Motorlu araçların işletilme tehlikesine karşı, zarar gören üçüncü şahısları, korumak amacıyla getirilmiş olan bu düzenleme ile öngörülen sorumluluğunun bir kusur sorumluluğu olmayıp, sebep sorumluluğu olduğu; böylece araç işletenin sorumluluğunun sebep sorumluluğunun ikinci türü olan tehlike sorumluluğuna ilişkin bulunduğu, öğretide ve yargısal içtihatlarla kabul edilmektedir (Fikret Eren, Borçlar Hukuku, 9. Bası, s. 631 vd.; Ahmet Kılıçoğlu, Borçlar Hukuku, Genişletilmiş 10, Baskı, s. 264 vd). 2918 sayılı Kanunun 86. maddesinde ise, bu Kanunun 85.maddesinde düzenlenen sorumluluktan kurtulma ve sorumluluğu azaltma koşullarına yer verilmiş olup, bu düzenlemelere göre, araç işleteni veya araç işleteninin bağlı bulunduğu teşebbüs sahibi, kendisinin veya eylemlerinden sorumlu tutulduğu kişilerin kusuru bulunmaksızın ve araçtaki bozukluk kazayı etkilemiş olmaksızın kazanın bir mücbir sebepten veya zarar görenin veya üçüncü kişinin ağır kusurundan ileri geldiğini ispat ederse sorumluluktan kurtulabilecek; sorumluluktan kurtulamayan işleten veya araç işleticisinin bağlı olduğu teşebbüs sahibi ise kazanın oluşunda zarar görenin kusurunun bulunduğunu ispat ederse, hakim, durum ve şartlara göre tazminat miktarını indirebilecektir.
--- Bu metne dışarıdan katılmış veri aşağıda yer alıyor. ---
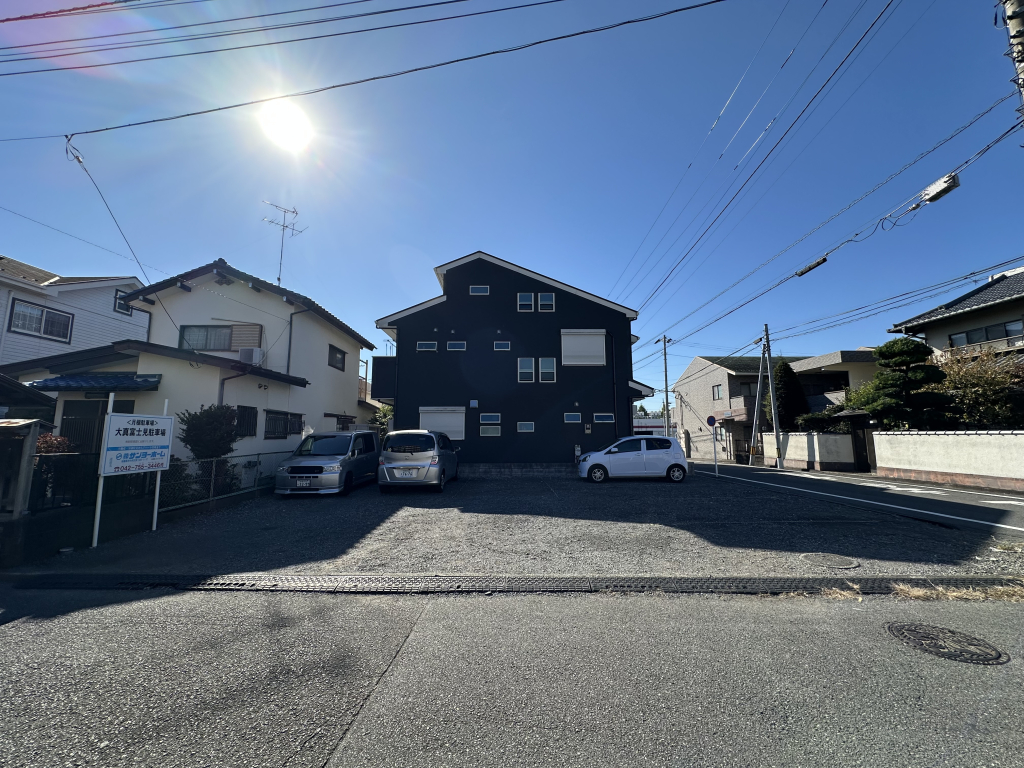 北東側道路含む外観①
2918 sayılı Karayolları Trafik Kanunu’nun 91/1. maddesinde, “işletenlerin, bu kanunun 85/1. maddesine göre olan sorumluluklarının karşılanmasını sağlamak üzere mali sorumluluk sigortası yaptırmaları zorunludur”, aynı Yasa’nın 85/1. maddesinde, “bir motorlu aracın işletilmesi bir kimsenin ölümüne veya yararlanmasına yahut bir şeyin zarara uğramasına sebep olursa, araç işletenin bu zarardan sorumlu olacağı”, aynı Yasa’nın 85/son maddesinde ise, “işleten ve araç işleticisi teşebbüsün sahibi, aracın sürücüsünün veya aracın kullanılmasına katılan yardımcı kişilerin kusurundan kendi kusuru gibi sorumludur” hükümlerine yer verilmiş, Karayolları Zorunlu Mali Sorumluluk Sigortası Genel Şartları’nın A-1. maddesinde de, “sigortacı bu poliçede tanımlanan motorlu aracın işletilmesi sırasında bir kimsenin ölümüne veya yaralanmasına veya bir şeyin zarara uğramasına sebebiyet vermesinden dolayı 2918 sayılı Karayolları Trafik Kanunu’na göre işletene düşen hukuki sorumluluğu, zorunlu sigorta limitlerine kadar temin eder” şeklinde ifade edilmiştir.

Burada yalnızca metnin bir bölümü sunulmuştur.